The most visible sign of the region’s growth is its booming construction landscape. Governments are spending their enormous wealth commissioning new campuses for international artistic and educational institutions and hosting mega-events like the 2020 World Expo in Dubai and the 2022 FIFA World Cup in Qatar.

A new study from the NYU Stern Center for Business and Human Rights finds that construction companies operating in the Arabian Gulf are able to recruit millions of low- wage migrant workers without incurring the costs of the recruitment process. Instead, in this highly irregular system, most workers themselves are paying for their own recruitment – and much more – before they depart their home countries. These recruitment “fees” may be equal to or more than a year’s salary – which these low-wage laborers must work to pay back once they begin their construction jobs in the Gulf.

The two Gulf states most closely examined in the report – Qatar and the United Arab Emirates – have failed to provide adequate protections for this influx of outsiders, including by nurturing a culture of permissiveness around illegal visa-selling schemes originating in their countries. Other Gulf governments are doing much the same.

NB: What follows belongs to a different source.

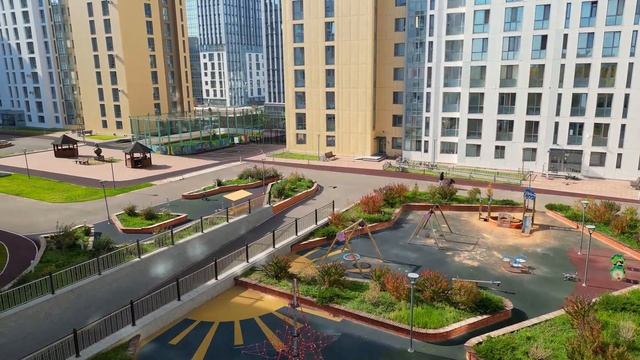 ЖК Orynbor Towers смотреть онлайн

The report concludes that breaking this cycle of abuse will require:
  • A fundamental shift in how construction firms and their Gulf-based clients structure project bids so that they account and pay for all recruitment costs
  • Gulf governments to enforce their laws against the sale of visas
  • Migrant-sending countries to ban the payment of these fees and to “license, legalize, and regulate” complex networks of unregistered recruitment agents operating on their soil
  • A model of shared responsibility between construction and engineering firms, their clients and subcontractors, and governments in the Gulf and South Asia to develop a common plan of action in a transparent manner
Read the full report here.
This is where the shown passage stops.